Last night I met up with some writer buddies so we could do our regular evisceration of each other’s babies (ok, I mean crit each other’s works in process) and a decidedly pessimistic air hung over our secluded table. It was nothing new, nothing we haven’t all been hearing for years, just another conversation about the viability of literary fiction in the market.
Guardian writer Stuart Jeffries today questioned whether Waterstone’s has become a bane rather than a boon to publishers. The book selling chain has attracted a lot of criticism for its capitalist take on the business but hey, it is a business isn’t it?
Far be it from me to restrain myself from bitching and moaning about celebrity memoirs and mindless ghost written ‘novels’, but I can’t deny that, if they make money book shops are going to sell them. I do, however, have sympathy for the argument that it’s unfair of major bookselling chains to expect payments for accepting stock and even bigger payments for including said stock in promotions.
I feel sorry for Tim Waterstone, the founder of the shops who once lead what was seen as a force for good in the book scene. The thing is, it’s not exactly a pattern specific to literature – something starts making money, the big guys move in with their eye on the prize and less so on the stock/product and then the start-up is seen to have sold out. It’s just the way it goes, isn’t it?
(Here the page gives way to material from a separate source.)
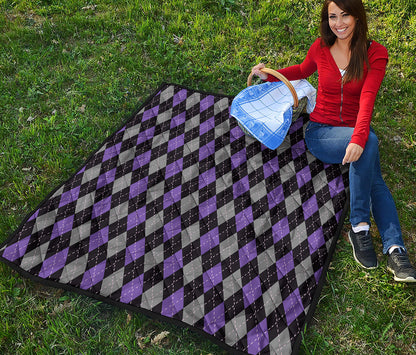 Black Grey And Purple Argyle Print Quilt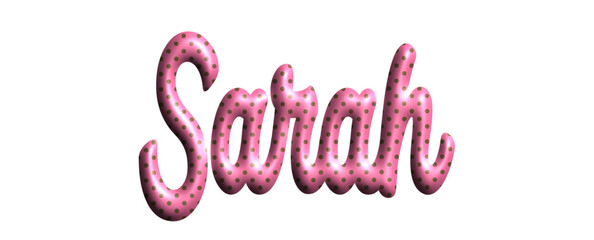 Sarah- pink color with dots, fabric style -name - three-dimensional effect tubular writing - Vector graphics - Word for  greetings, banners, card, prints, cricut, silhouette, sublimation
Is it the collapse of the NBA agreement that didn’t allow for the discounting of books (for the noble reasoning that publishers should be able to fund lesser selling literary works) to blame? Is it the supermarkets that should be railed at for providing us with books alongside our bogroll? Or is it the fault of every one of us that buys something ‘safe’ rather than challenging or who scours the shelves for the cheapest possible price without considering how they are cutting into the authors/publishers/editors/agents means of survival?